22 June 2010

June Budget: Capital spending protected

Capital spending funds have been spared in George Osborne's 'unavoidable' emergency Budget.

Describing it as the 'unavoidable budget', overall government spending will rise from £637bn in the current financial year to £711 bn by 2015/16.

This means that unprotected departments face cuts of up to 25 per cent in the Spending Review set for Wednesday 20th October.

The Chancellor, having debated how much further capital spending could fall, spoke of the economy's need for new transport infrastructure, military equipment and appropriate facilities for quality public services.

The decision not to cut capital expenditure further was based on lessons learned from the Howe cuts of the 80s.

However, he warned of making careful choices about how capital spending is allocated.

Projects likely to deliver a measurable economic return will be favoured in October's Spending Review (SR).

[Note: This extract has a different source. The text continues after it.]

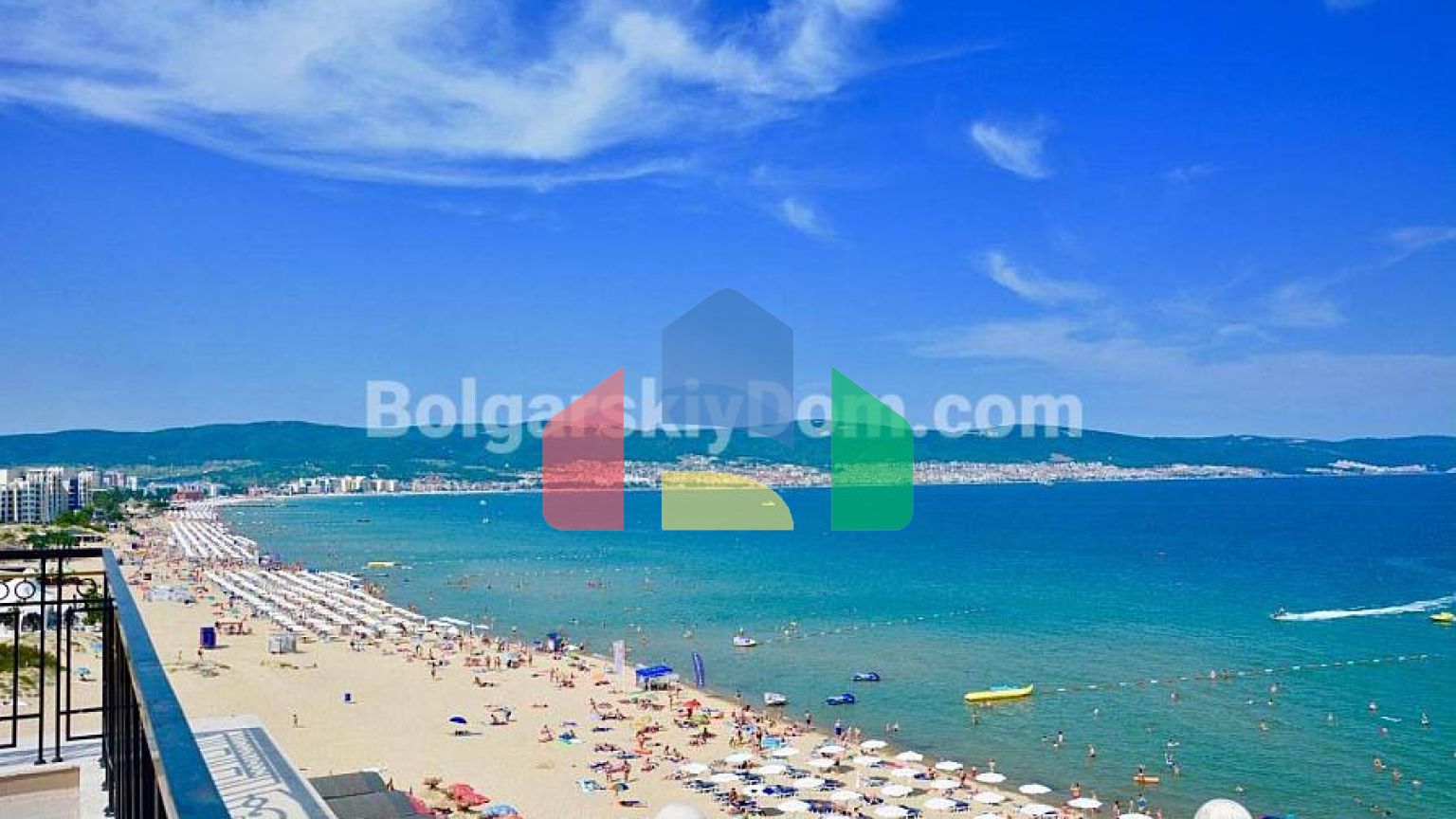 Трикімнатна квартира в Голден Реінбоу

There was a clear steer that more government held assets should be transferred to private ownership.

Mention was made of yesterday's news of the proposed sale of the high-speed rail link, air traffic control service NATS, the Student Loan Book and finally resolving the future of the Tote.

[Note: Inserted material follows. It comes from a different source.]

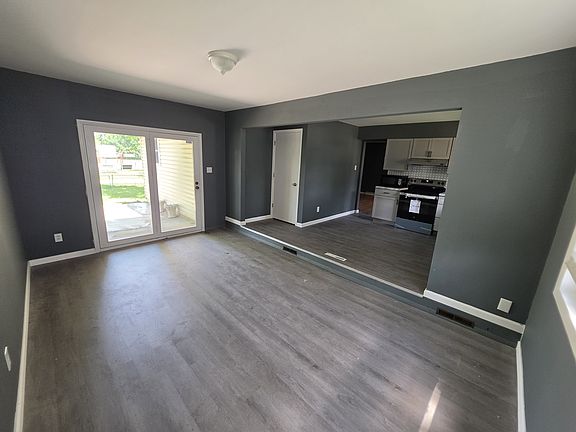 5th image of 809 Lightwood Dr #4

The Chancellor also announced the establishment of a Regional Growth Fund.

Lasting initially for two years, the fund will give priority to regional capital projects demonstrating the greatest impact on innovation and jobs.

The Chancellor also committed the government to funding four regional transport projects: the upgrade of the Tyne and Wear Metro, the extension of the Metrolink tram system in Manchester, the redevelopment of Birmingham New Street station; and rail links to Sheffield and between Liverpool and Leeds.

An announcement was made about the summer publication of a White Paper on rebalancing the regional economy and measures to encourage job-creation.

In the past decade he claimed that London and the South East created 10 jobs for every one job created in the Midlands and northern regions.

The Chancellor also recommitted the government to the Green Investment Bank bringing forward private investment in clean energy and green technologies.

Similarly he pledged to enhance digital infrastructure by encouraging private broadband investment in rural areas, using in part the underspend from the Digital Switchover programme.